» **THE TASK**
Write the data below out exactly as it stands. Do not include the pictures.

Web page caption snippets
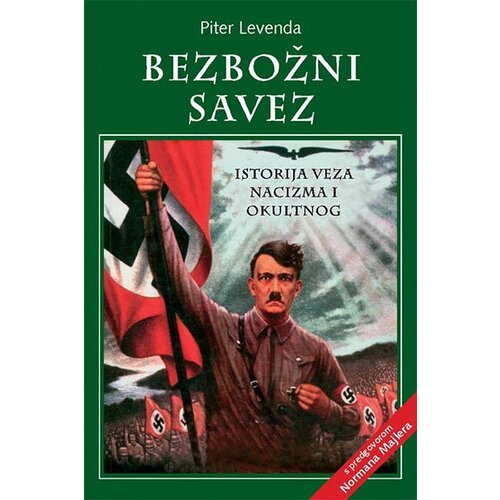 Dosije Peter Levenda, Norman Majler
 - Bezbožni savez: istorija veza nacizma i okultnog Cene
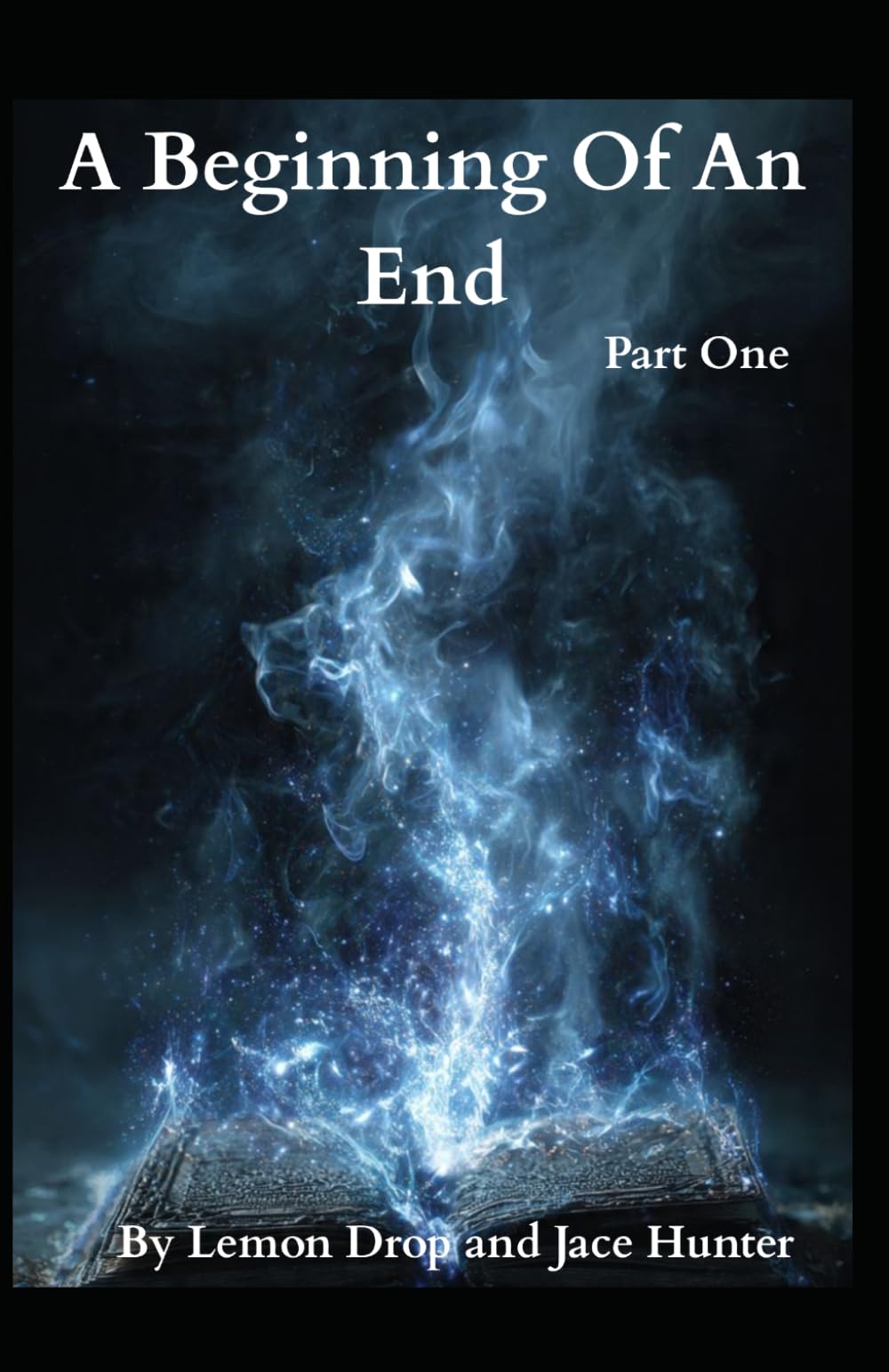 A Beginning Of An End: Part One
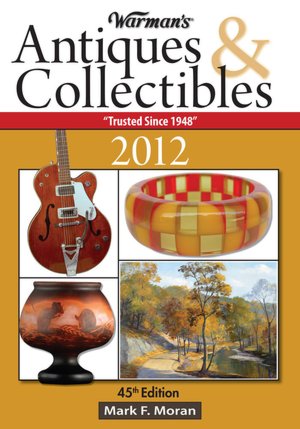 Warman's Antiques & Collectibles 2012 Price Guide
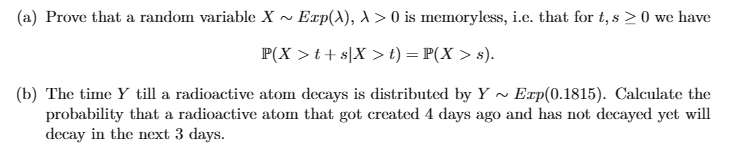 Solved (a) Prove that a random variable X∼Exp(λ),λ>0 is | Chegg.com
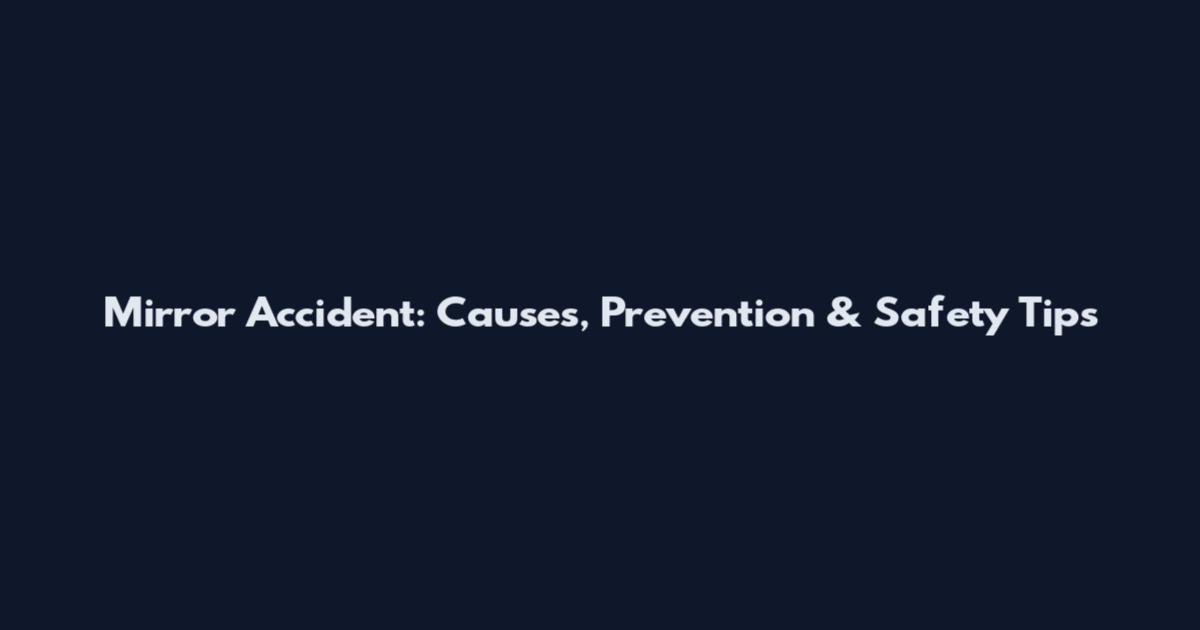 Mirror Accident: Causes, Prevention & Safety Tips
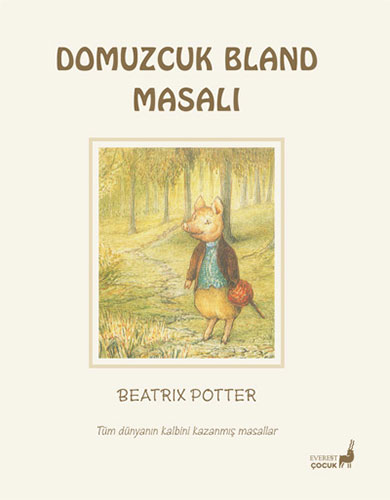 Beatrix Potter Masalları 19 - Domuzcuk Bland Masalı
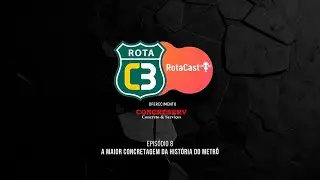 RotaCast 08    A Maior Concretagem da História do Metrô
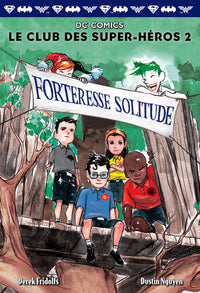 Forteresse Solitude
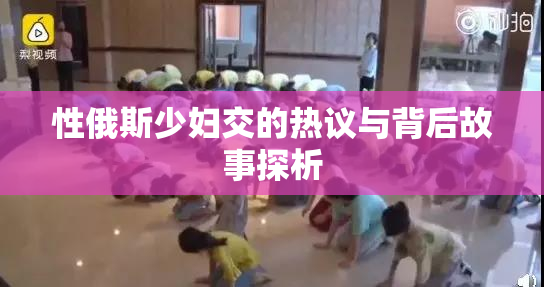 性俄斯少妇交的热议与背后故事探析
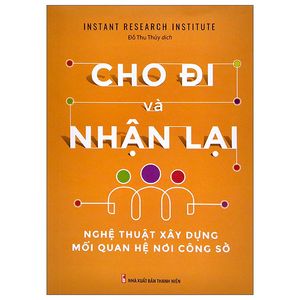 cho đi và nhận lại - nghệ thuật xây dựng mối quan hệ công sở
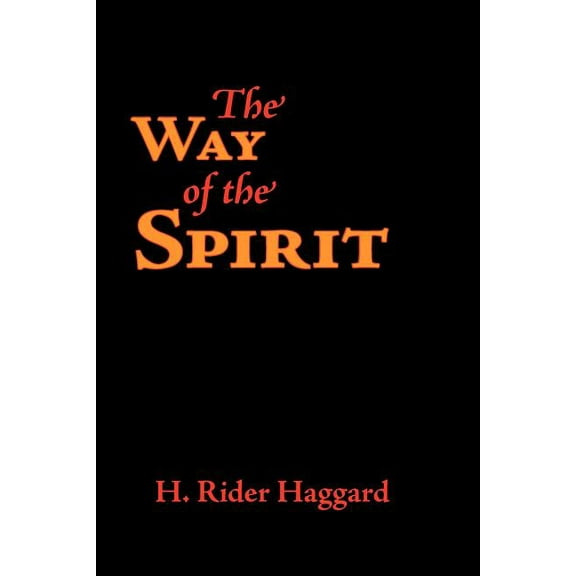 The Way of the Spirit, Large-Print Edition (Paperback)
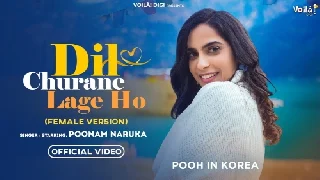 Dil Churane Lage Ho - Female Version
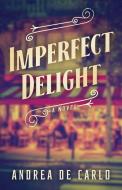 Imperfect Delight di Andrea De Carlo edito da ATRIA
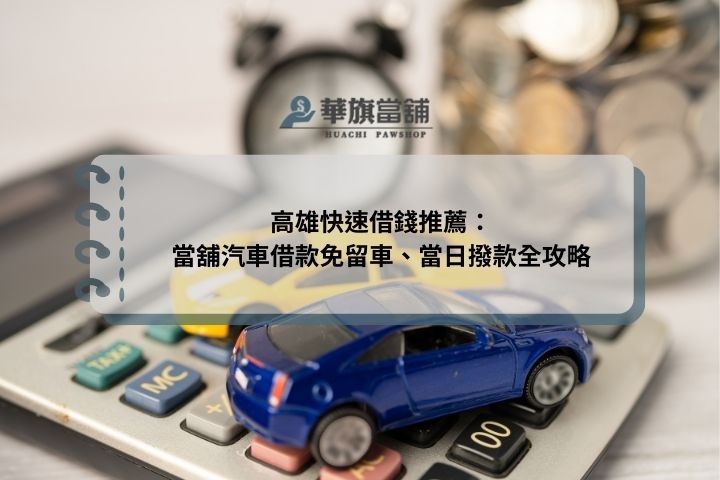 高雄快速借錢推薦：當舖汽車借款免留車、當日撥款全攻略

» **ANSWER**
 Dosije Peter Levenda, Norman Majler
 - Bezbožni savez: istorija veza nacizma i okultnog Cene
 A Beginning Of An End: Part One
 Warman's Antiques & Collectibles 2012 Price Guide
 Solved (a) Prove that a random variable X∼Exp(λ),λ>0 is | Chegg.com
 Mirror Accident: Causes, Prevention & Safety Tips
 Beatrix Potter Masalları 19 - Domuzcuk Bland Masalı
 RotaCast 08    A Maior Concretagem da História do Metrô
 Forteresse Solitude
 性俄斯少妇交的热议与背后故事探析
 cho đi và nhận lại - nghệ thuật xây dựng mối quan hệ công sở
 The Way of the Spirit, Large-Print Edition (Paperback)
 Dil Churane Lage Ho - Female Version
 Imperfect Delight di Andrea De Carlo edito da ATRIA
 高雄快速借錢推薦：當舖汽車借款免留車、當日撥款全攻略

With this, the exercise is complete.